Friday, March 29, 2013
I'm happier than I should be for a Good Friday.
Today I got my hair cut for the first time in 6 months...and for the first time since I really felt awesome about all of my progress. Then I went and bought my first tube of bright red lipstick (over 30 and I've never worn red lipstick - a crime). I've got a new ($20) pair of skinny jeans on in a super small size, I'm wearing a floaty tank top that actually hangs right instead of running into lumps and bumps, and I wore heels all day to run errands without my feet hurting.
So many little things, but they add up to make one of the best days I've ever had. I have been struggling to see my results again - my eyes started seeing the old me again, and I felt so frustrated because I thought I was backsliding. Turns out that my brain was just playing tricks on me yet again!

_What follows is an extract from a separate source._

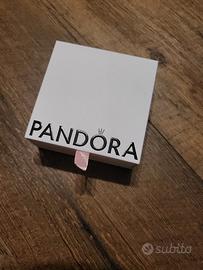Collana Pandora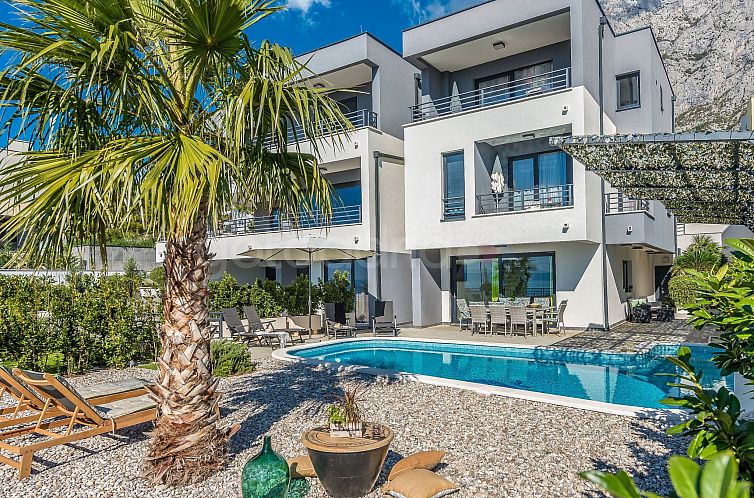 Vakantiehuis 5 Sterne Blick - Privater Pool - Luxus Villa Iv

I wish I could come have coffee with each of you who are earlier in your journeys and tell you that it is so worth it to keep going. It took me more than a decade to sort out the mental part of this transformation journey (do thoughts have weight? sure seems like it sometimes) and, once I found a combination of food and exercise that was healthy for me, almost two years to lose the 40+ pounds I have lost on this last (and final!!) round of weight loss so far. Every struggle along the way made me stronger in the end. Every ounce I lost eventually added up, even when it felt like nothing was moving forward. It doesn't have to happen on any schedule. You don't have to do it the way anyone else did it. You just have to do what really works for you to make yourself the best you that you can be. Never give up.
I am trying hard to get comfortable in my new skin and believe that I've really made it this far, but every big change that comes along in my life makes me re-examine my progress. (I even had a dream this week in which I argued with an ex that I had changed a lot, and I pulled out a stack of old pants to prove it!) Meanwhile, in real life I have done another closet purge and packed up three huge shopping bags of clothes that just don't work any more and can't be tailored down. I decided I was happier with three pairs of well-fitting pants than a rack full of too-big pants that reminded me of darker days.
Happy Easter and happy spring, sparkfamily.